The Princess and the Peer
I generally like to start reviews by listing what I liked in a book. While there are a few likable parts in this one, it was too much a chore to read the first half and find a connection to the story to even want to finish the book. The author spends too much time with the main characters dillydallying without purpose on frivolous activities rather than developing the romance.
Emma is the princess of a small European country, and in a boarding school in Scotland with other princesses. She is sent notice by her brother, the Regent of Rosewald, that her marriage has been arranged to an aging king of a neighboring country for political purposes. She is asked to leave school and await her brother’s arrival outside of London where they will eventually meet her future husband.

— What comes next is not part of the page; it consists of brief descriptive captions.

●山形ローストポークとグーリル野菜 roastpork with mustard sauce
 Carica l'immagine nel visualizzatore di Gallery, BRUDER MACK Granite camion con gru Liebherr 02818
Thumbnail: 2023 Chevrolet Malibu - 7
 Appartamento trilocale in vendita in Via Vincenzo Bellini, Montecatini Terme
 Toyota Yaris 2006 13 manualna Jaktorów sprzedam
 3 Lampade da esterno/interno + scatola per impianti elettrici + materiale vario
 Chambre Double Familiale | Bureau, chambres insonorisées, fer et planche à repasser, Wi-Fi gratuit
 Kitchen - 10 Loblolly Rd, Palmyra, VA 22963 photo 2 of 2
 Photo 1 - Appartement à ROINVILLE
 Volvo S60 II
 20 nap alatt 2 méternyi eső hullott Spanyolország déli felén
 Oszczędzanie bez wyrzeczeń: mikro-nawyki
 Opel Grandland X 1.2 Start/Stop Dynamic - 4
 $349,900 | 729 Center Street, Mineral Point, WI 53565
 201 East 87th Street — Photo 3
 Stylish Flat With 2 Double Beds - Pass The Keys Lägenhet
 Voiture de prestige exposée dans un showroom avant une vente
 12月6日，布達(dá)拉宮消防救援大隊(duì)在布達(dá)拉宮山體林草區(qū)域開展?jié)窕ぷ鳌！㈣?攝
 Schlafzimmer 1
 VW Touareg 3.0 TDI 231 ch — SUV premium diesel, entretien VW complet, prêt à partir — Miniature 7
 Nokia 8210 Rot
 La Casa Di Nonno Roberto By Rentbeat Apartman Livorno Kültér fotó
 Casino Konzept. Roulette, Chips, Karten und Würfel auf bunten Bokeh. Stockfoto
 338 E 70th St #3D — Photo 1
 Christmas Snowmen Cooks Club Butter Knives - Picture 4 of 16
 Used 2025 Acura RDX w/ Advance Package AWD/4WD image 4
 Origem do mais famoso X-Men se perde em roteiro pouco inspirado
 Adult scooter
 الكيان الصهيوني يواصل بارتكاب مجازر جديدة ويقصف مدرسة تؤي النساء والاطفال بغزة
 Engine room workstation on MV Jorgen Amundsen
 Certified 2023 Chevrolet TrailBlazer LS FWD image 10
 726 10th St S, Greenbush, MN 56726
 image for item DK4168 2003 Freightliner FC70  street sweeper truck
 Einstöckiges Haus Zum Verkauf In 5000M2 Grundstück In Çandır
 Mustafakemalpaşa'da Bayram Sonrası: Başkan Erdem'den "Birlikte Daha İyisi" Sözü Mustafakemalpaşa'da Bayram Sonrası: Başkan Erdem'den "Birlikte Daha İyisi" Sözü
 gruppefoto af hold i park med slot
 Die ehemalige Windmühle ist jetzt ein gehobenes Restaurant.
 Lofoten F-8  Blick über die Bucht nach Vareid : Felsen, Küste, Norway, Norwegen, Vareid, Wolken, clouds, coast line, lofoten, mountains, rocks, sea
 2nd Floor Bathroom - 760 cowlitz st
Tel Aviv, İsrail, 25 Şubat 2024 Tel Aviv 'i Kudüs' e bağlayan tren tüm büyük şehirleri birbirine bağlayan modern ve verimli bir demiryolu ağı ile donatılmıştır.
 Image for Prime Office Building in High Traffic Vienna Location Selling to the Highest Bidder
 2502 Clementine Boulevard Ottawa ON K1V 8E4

After waiting for days, Emma grows impatient and wants adventure one last time before she is bound in duty and a loveless marriage. On impulse, she runs away to London hoping to spend a week or two with a former teacher before returning home. Rather than head straight to the teacher’s house, Emma is caught up in the wonders of a crowded market place, where she is robbed in broad daylight. The only person to step up and help is Nick Gregory, Earl of Lyndhurst. Since Emma is left penniless after the robbery, Nick offers to drive her to her teacher’s home. Once there, Emma discovers that her teacher is out of town. Now without a place to go, Emma has no choice but to accept Nick’s offer for her to stay with him for a week or two.
The remainder of the story is about how they fall in love as they spend time sightseeing in London, Emma’s return to her family without telling Nick the truth of her identity, Nick’s eventual discovery of her identity, and their fight for their happy ending.
I truly felt I was accompanying a little child for various outings for the first half of the book. There is very little character development, so Emma comes off as an immature princess who does not think through the consequences of her actions and believes a generous stranger should be her host for any and all activities she wants to indulge in. I didn’t dislike her, but I did not like her either. Emma’s tendency to lie, hide behind people, and run away from situations did not help her cause much with this reader.
Nick comes across as a nice man. He has newly inherited his wealth, and he is generous in sharing its privilege. He is as considerate to his aging aunt as he is to Emma, whom he believes to be an out-of-work governess. Once he realizes he loves Emma and is loved in return, he is not afraid of the rank or influence of the Royals in opposition to gain her hand.
We get a glimpse of the other two princesses that will make up this trilogy. I am rather interested in Ariadne’s story. She had spirit, gumption, and heart. We also meet Emma’s family later in the story. They are quite an interesting lot – arrogant, extravagant, and sometimes scheming, yet understanding and protective of each other.
As a Regency lover, I can confirm that Ms. Warren has done her homework in adding details to the time period. This is not a wallpaper Regency; you will learn a few things about the events and places around London at that time. If only Ms. Warren had weaved in the magic of the love story earlier and stronger into the book, the story would have been at a completely different level.